Everyone loves seeing a giraffe in motion. Their supple sinuous bodies seem to glide across the African plains whenever their caught in photos, on film or at the movies. But it’s their long sleek serpentine necks that distinguishes them from just about every other form of wildlife. So different, that one needs to ask how that remarkable attribute came to be?

Darwin might have the answer?

Some would assume it came from years and years of evolutionary change that developed due to their foraging diet of dining off treetop vegetation.

However, recent biological research are indicating something in addition to evolution might be at work here.

Unlike some species of long-necked birds, such as egrets, giraffes didn’t grow their necks by adding vertebrae to their cervical spine. Instead, they just stretched out the seven vertebrae they already had. And the rapid growth that’s required to make this happen must occur while they’re very young.

Now, on the evolutionary side of things, giraffes had to evolve an oversized left ventricle and reinforced circulatory system to handle the stress of pumping blood almost ten feet straight up to their cerebrums.

Additionally, they also have specialized blood vessels in their craniums that regulate blood flow while bending down for their water intake. Otherwise, their blood pressure would dip every time they took a drink.

Kissing Cousins

Interesting to note, that the giraffes' closest cousin is the ‘okapi.’ Looking closer to a cow-and-zebra hybrid, the okapi has a skeletal make-up that is quite similar to the giraffe.

The one differentiator is of course the neck size. Of the 70 genes that researchers have singled out as adaptions between giraffes and okapi, around half likely play a role coding proteins that regulate skeletal, muscular and nervous system development — all important for producing their notable necks.

However, for giraffes’ necks to grow so long, two critical factors need to be at play.
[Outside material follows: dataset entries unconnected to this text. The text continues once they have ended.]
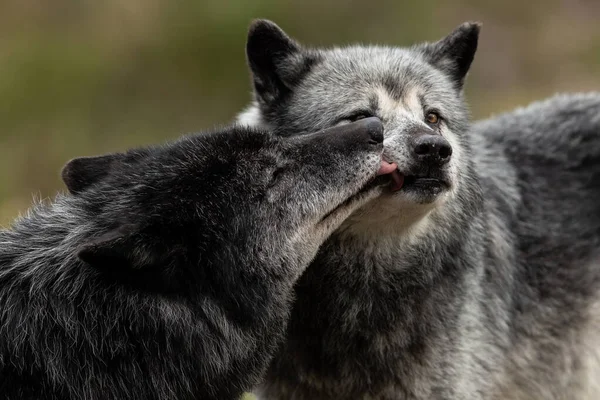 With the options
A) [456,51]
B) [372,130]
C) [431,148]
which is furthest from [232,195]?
[456,51]

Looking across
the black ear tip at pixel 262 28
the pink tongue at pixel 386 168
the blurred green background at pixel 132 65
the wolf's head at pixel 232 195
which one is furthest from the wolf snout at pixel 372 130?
the blurred green background at pixel 132 65

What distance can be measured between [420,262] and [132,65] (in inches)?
319

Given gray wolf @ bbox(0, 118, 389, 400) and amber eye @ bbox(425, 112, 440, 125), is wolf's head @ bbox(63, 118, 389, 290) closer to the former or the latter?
gray wolf @ bbox(0, 118, 389, 400)

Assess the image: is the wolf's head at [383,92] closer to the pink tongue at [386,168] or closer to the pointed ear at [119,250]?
the pink tongue at [386,168]

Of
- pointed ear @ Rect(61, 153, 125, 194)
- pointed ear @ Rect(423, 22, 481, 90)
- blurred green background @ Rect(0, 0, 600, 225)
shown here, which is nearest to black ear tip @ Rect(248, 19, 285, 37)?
pointed ear @ Rect(423, 22, 481, 90)

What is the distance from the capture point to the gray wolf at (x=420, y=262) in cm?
497

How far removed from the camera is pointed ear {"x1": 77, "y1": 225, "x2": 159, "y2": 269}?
3640mm

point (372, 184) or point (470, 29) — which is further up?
point (470, 29)

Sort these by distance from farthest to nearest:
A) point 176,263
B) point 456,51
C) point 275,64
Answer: point 456,51 → point 275,64 → point 176,263

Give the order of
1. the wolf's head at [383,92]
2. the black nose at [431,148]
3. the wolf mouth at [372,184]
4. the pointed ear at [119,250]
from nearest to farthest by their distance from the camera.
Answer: the pointed ear at [119,250] < the wolf mouth at [372,184] < the black nose at [431,148] < the wolf's head at [383,92]

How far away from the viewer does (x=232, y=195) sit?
421 cm

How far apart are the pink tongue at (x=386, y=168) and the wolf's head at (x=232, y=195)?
0.01 metres

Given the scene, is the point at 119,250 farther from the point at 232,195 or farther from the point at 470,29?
the point at 470,29

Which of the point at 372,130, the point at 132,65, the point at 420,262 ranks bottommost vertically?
the point at 420,262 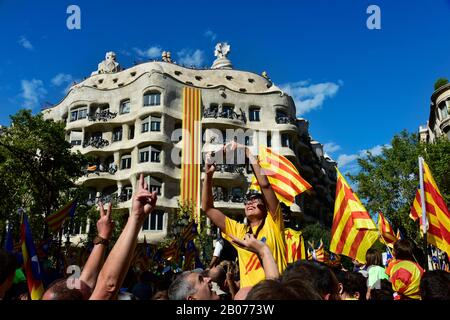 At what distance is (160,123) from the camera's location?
39.1 meters

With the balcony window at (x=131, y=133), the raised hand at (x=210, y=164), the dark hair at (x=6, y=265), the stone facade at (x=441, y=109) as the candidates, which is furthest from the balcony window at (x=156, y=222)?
the dark hair at (x=6, y=265)

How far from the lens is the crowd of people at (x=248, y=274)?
214 centimetres

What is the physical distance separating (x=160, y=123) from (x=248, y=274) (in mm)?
35879

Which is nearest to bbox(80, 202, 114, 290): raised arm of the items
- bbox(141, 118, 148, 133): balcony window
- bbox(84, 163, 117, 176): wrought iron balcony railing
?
bbox(141, 118, 148, 133): balcony window

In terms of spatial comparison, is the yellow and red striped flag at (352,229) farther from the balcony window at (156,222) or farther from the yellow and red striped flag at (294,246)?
the balcony window at (156,222)

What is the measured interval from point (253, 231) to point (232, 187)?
35750 millimetres

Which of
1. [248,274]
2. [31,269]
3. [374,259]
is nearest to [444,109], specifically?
[374,259]

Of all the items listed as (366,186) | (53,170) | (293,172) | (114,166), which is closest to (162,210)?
(114,166)

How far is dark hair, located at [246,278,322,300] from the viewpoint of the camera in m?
1.81

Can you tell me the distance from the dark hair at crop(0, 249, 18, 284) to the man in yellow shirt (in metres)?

First, the genes that tell the neck when to stop growing need to be turned off, and second, genes that promote continued growth need to be upregulated.

The Secret Sauce . . .

Making up the ‘secret gene pool’ sauce  are four so-called ‘homeboy genes' that come into play during the giraffe’s developmental maturation from embryo to adolescence. This set of genes also have unique adaptions that the researchers think instigate rapid growth in a giraffe's cervical vertebrae.

However, in addition there is another very important gene that’s integral to neck growth. Labeled FGFRL1, this is the one that possesses adaptions unique to giraffes, and is responsible for regulating embryo development, particularly the skeletal and cardiovascular systems.

Can Mice grow Long Necks?

Is it in the cards to alter the neck size of lab mice? Well, since biologists have been able to single out FGFRL1, they are presently in the process of injecting the gene into mice.

While they caution that creating long-necked mice is probably unlikely, they do hope to observe changes in the development of the spine that could clue them in as to how giraffe necks grow. Interesting proposition, don’t you think?